[Start of Attachment]

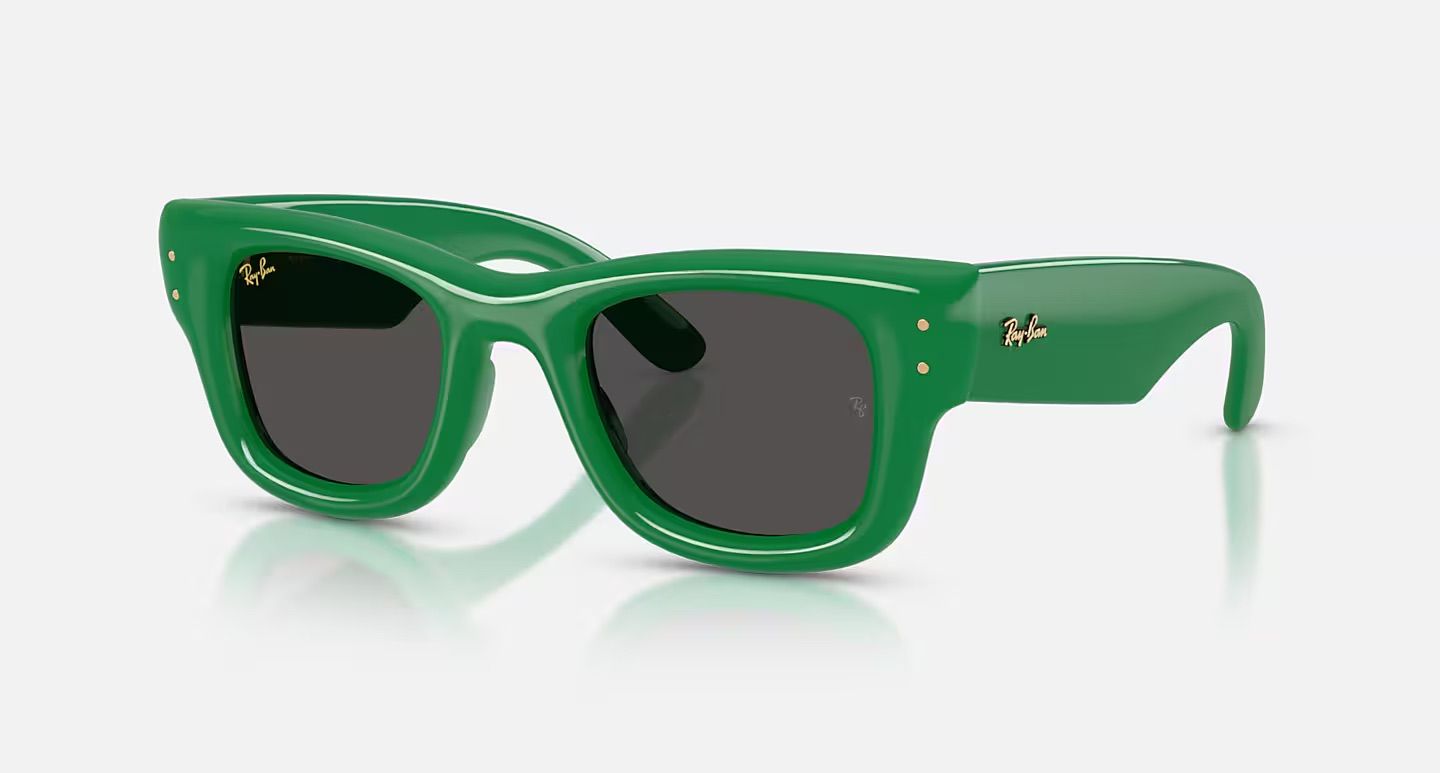 Wayfarer Puffer x A$AP Rocky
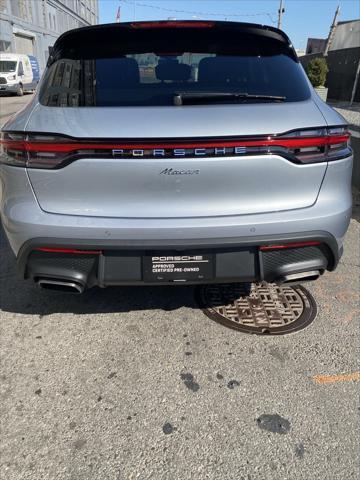 2024 porsche macan base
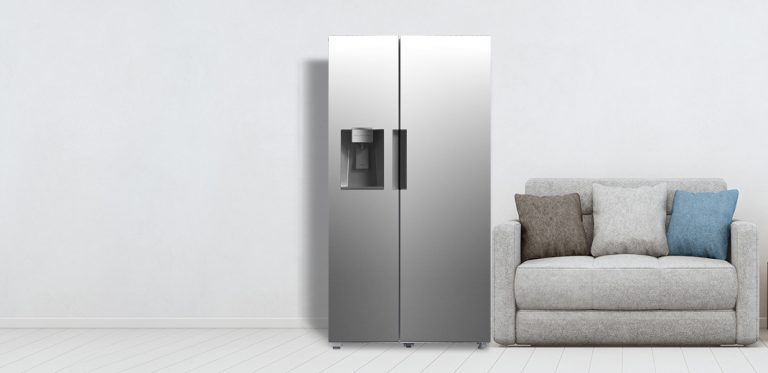 Smeta Side-by-Side Refrigerator | chinese refrigerator manufacturer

[End of Attachment]

> _WHAT TO WORK ON_: Return the full listing exactly as it appears above, without its pictures.

> _YOUR SOLUTION_:
 Wayfarer Puffer x A$AP Rocky
 2024 porsche macan base
 Smeta Side-by-Side Refrigerator | chinese refrigerator manufacturer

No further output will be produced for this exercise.